**WHAT YOU ARE ASKED TO DO:** Word-for-word transcription needed. Include every entry below but no pictures.

**EXCERPTED RECORDS:**
◆ ◆ ◆ ◆

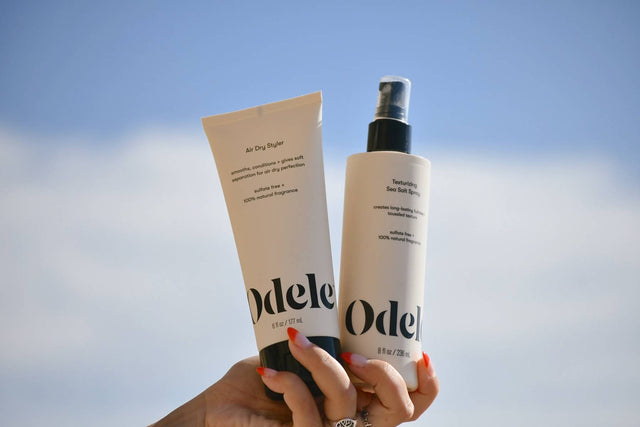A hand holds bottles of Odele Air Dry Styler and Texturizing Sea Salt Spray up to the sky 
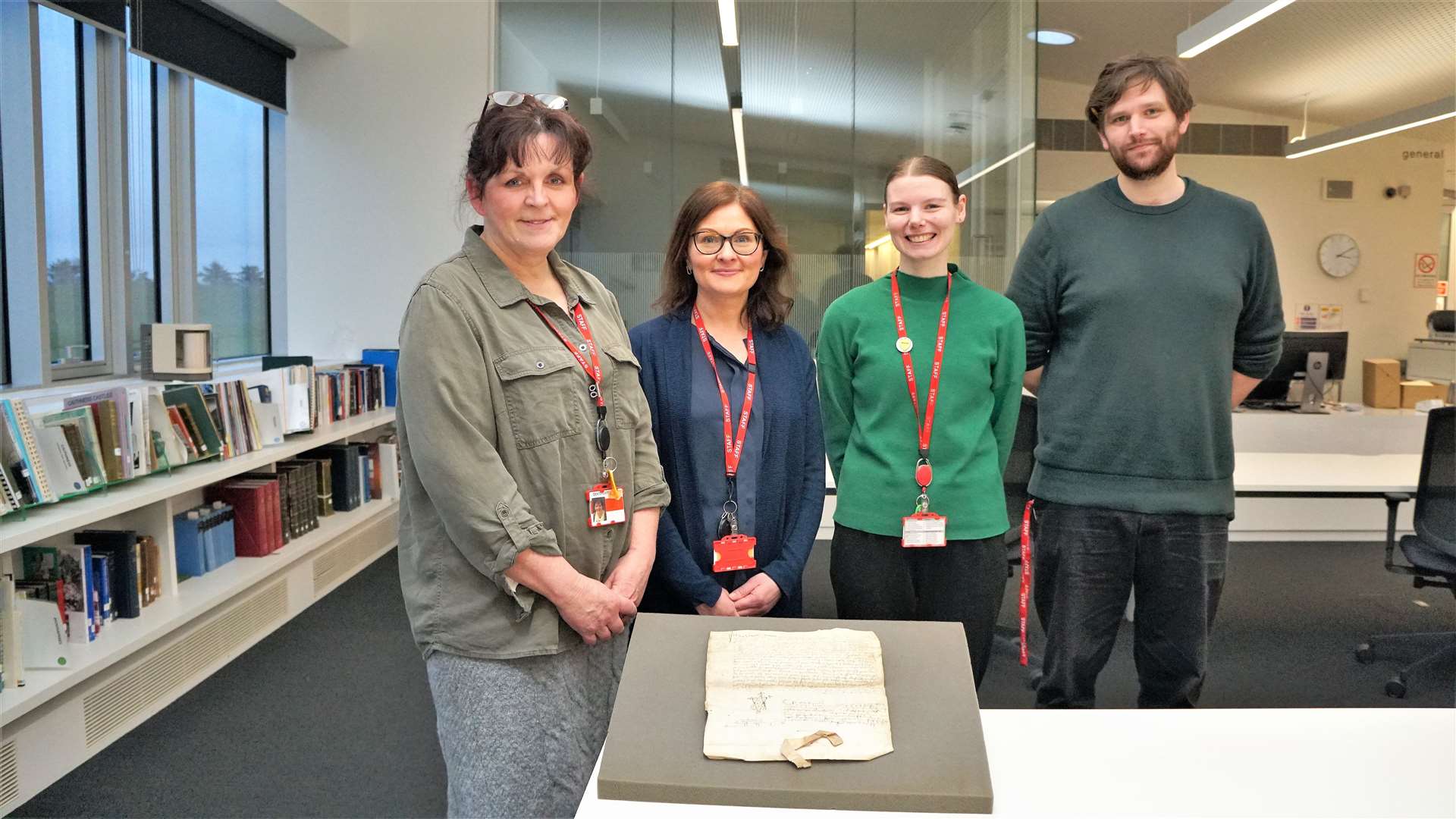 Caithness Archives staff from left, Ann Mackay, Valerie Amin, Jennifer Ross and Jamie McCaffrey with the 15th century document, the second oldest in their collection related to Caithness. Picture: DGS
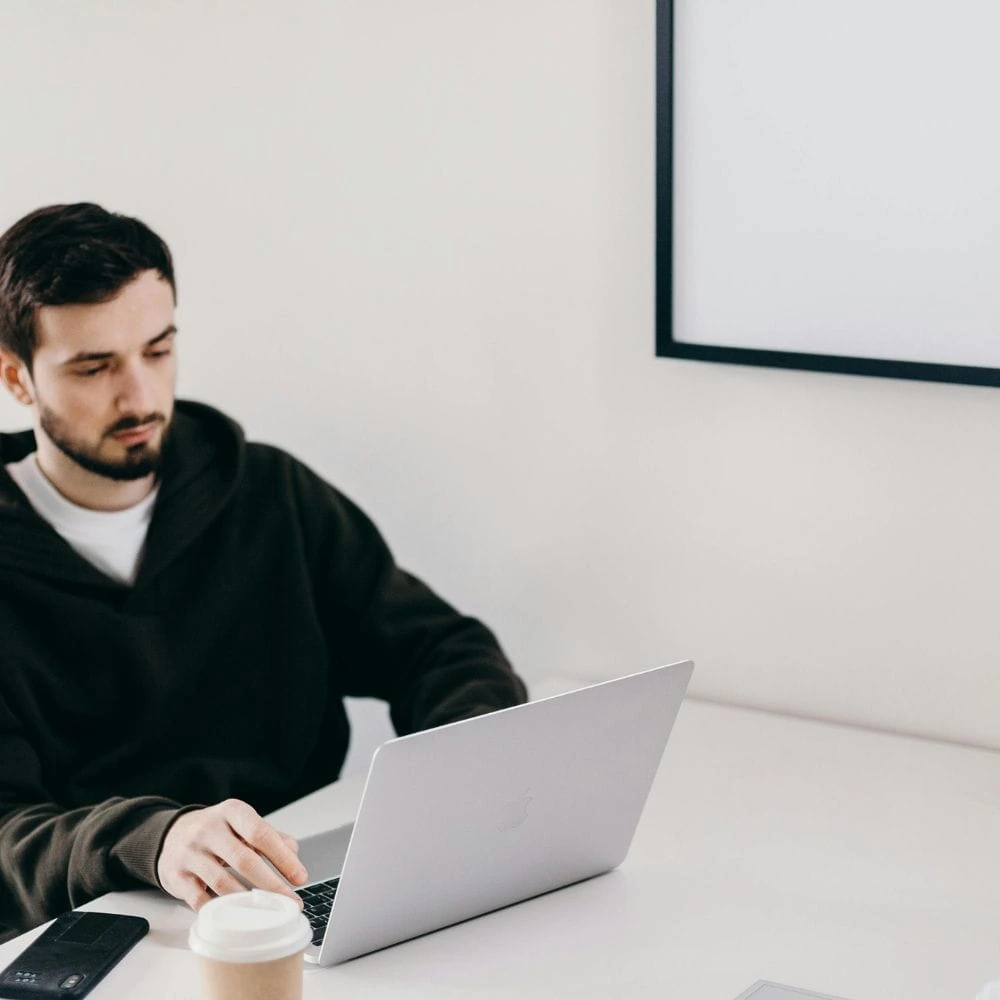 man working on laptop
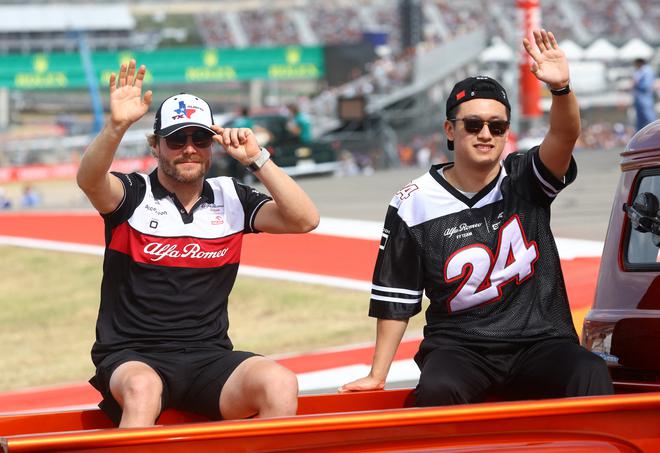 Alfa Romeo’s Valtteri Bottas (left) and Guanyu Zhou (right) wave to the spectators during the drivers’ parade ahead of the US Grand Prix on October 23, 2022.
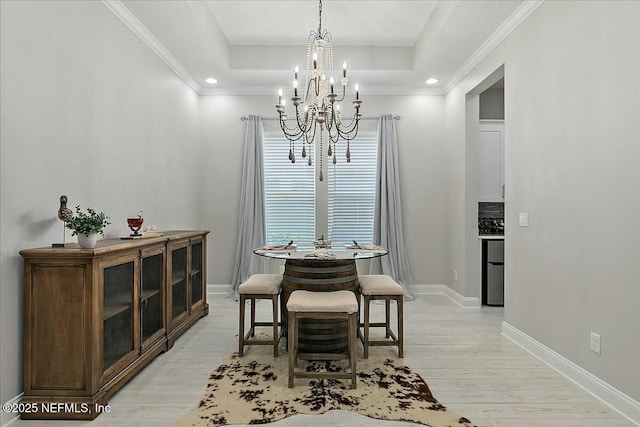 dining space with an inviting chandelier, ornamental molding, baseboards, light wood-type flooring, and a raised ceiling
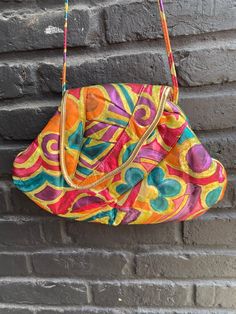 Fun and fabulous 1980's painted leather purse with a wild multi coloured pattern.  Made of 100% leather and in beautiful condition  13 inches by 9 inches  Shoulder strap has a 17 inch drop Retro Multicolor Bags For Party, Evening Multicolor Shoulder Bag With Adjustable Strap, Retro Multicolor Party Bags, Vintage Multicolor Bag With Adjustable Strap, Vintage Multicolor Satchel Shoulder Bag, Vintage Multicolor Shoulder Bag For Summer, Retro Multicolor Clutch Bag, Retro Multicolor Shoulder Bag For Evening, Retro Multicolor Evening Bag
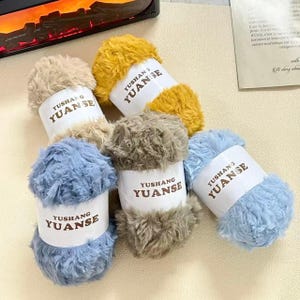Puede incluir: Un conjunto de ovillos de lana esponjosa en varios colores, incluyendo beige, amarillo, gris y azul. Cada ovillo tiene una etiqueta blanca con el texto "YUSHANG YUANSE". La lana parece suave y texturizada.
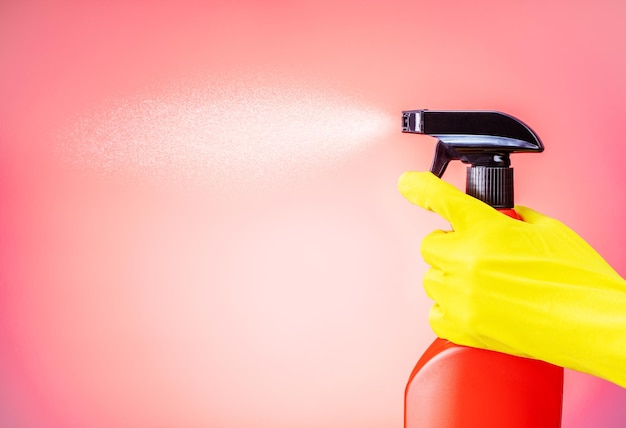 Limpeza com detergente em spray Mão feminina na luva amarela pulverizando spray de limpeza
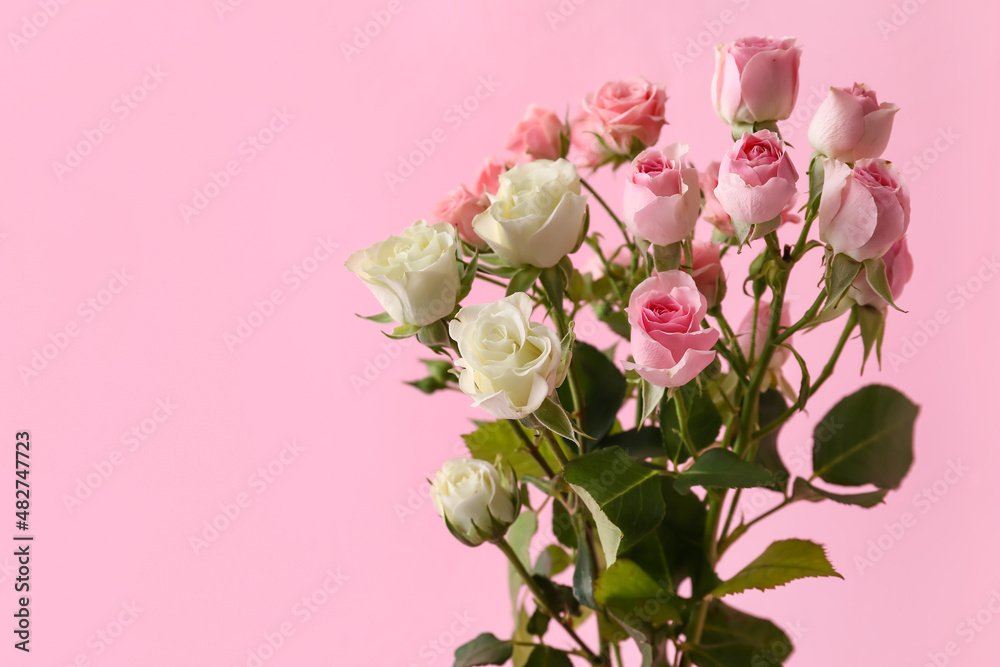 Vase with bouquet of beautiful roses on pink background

◆ ◆ ◆ ◆

**REPLY:**
A hand holds bottles of Odele Air Dry Styler and Texturizing Sea Salt Spray up to the sky 
 Caithness Archives staff from left, Ann Mackay, Valerie Amin, Jennifer Ross and Jamie McCaffrey with the 15th century document, the second oldest in their collection related to Caithness. Picture: DGS
 man working on laptop
 Alfa Romeo’s Valtteri Bottas (left) and Guanyu Zhou (right) wave to the spectators during the drivers’ parade ahead of the US Grand Prix on October 23, 2022.
 dining space with an inviting chandelier, ornamental molding, baseboards, light wood-type flooring, and a raised ceiling
 Fun and fabulous 1980's painted leather purse with a wild multi coloured pattern.  Made of 100% leather and in beautiful condition  13 inches by 9 inches  Shoulder strap has a 17 inch drop Retro Multicolor Bags For Party, Evening Multicolor Shoulder Bag With Adjustable Strap, Retro Multicolor Party Bags, Vintage Multicolor Bag With Adjustable Strap, Vintage Multicolor Satchel Shoulder Bag, Vintage Multicolor Shoulder Bag For Summer, Retro Multicolor Clutch Bag, Retro Multicolor Shoulder Bag For Evening, Retro Multicolor Evening Bag
Puede incluir: Un conjunto de ovillos de lana esponjosa en varios colores, incluyendo beige, amarillo, gris y azul. Cada ovillo tiene una etiqueta blanca con el texto "YUSHANG YUANSE". La lana parece suave y texturizada.
 Limpeza com detergente em spray Mão feminina na luva amarela pulverizando spray de limpeza
 Vase with bouquet of beautiful roses on pink background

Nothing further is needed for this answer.